[Short text fragments from websites]
● ● ● ●

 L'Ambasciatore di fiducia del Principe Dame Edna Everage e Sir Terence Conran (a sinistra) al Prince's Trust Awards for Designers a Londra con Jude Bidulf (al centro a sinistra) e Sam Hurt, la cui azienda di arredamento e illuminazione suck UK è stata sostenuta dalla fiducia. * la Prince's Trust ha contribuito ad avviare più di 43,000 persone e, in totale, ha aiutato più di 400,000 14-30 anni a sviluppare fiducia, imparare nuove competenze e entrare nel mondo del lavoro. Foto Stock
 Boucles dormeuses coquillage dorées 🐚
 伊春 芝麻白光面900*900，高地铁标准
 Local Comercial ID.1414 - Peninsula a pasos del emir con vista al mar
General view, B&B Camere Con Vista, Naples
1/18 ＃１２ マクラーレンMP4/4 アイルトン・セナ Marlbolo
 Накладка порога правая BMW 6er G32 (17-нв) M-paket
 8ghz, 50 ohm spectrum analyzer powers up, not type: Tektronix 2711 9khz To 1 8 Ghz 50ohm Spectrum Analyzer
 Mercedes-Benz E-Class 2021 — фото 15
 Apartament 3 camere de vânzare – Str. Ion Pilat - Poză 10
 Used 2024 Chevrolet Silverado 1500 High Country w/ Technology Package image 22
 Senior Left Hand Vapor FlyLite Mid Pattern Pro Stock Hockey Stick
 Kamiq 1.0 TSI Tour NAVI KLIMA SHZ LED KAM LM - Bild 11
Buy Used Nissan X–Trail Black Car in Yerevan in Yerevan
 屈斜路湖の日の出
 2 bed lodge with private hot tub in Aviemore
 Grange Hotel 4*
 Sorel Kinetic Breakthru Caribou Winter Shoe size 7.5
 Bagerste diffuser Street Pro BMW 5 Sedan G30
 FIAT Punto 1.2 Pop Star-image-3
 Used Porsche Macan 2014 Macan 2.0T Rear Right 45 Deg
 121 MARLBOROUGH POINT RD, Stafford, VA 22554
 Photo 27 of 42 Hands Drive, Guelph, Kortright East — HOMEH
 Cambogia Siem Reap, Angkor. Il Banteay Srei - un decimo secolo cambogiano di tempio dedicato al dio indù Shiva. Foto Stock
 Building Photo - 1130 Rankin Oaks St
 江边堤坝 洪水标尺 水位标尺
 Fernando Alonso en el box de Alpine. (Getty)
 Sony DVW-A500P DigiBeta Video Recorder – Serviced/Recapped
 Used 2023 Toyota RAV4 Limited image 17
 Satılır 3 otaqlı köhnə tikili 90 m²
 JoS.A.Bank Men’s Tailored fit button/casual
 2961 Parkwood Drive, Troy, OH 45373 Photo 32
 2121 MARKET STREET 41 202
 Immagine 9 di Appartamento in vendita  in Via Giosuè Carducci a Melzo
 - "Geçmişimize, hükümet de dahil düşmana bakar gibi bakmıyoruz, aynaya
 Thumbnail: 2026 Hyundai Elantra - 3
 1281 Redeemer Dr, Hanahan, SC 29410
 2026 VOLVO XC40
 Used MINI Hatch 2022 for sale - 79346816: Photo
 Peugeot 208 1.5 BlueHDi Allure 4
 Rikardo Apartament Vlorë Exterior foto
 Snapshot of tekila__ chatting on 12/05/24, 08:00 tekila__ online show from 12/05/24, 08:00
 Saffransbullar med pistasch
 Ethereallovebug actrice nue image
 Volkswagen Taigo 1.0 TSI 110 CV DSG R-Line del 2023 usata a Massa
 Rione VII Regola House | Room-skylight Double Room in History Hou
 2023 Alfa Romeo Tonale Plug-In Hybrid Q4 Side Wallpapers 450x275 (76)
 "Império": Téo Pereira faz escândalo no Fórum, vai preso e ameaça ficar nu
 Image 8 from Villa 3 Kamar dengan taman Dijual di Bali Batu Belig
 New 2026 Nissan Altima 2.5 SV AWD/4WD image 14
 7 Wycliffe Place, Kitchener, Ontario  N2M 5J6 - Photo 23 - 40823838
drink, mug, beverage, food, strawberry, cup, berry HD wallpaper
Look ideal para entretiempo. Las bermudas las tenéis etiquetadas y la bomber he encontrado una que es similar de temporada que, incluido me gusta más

● ● ● ●

◆ **What you should do**:
Within the data above, the span starting at the line containing "Rikardo Apartament Vlorë Exterior foto" and ending at the line containing "New 2026 Nissan" is to be retyped exactly, with no other lines.

◆ **Answer**:
 Rikardo Apartament Vlorë Exterior foto
 Snapshot of tekila__ chatting on 12/05/24, 08:00 tekila__ online show from 12/05/24, 08:00
 Saffransbullar med pistasch
 Ethereallovebug actrice nue image
 Volkswagen Taigo 1.0 TSI 110 CV DSG R-Line del 2023 usata a Massa
 Rione VII Regola House | Room-skylight Double Room in History Hou
 2023 Alfa Romeo Tonale Plug-In Hybrid Q4 Side Wallpapers 450x275 (76)
 "Império": Téo Pereira faz escândalo no Fórum, vai preso e ameaça ficar nu
 Image 8 from Villa 3 Kamar dengan taman Dijual di Bali Batu Belig
 New 2026 Nissan Altima 2.5 SV AWD/4WD image 14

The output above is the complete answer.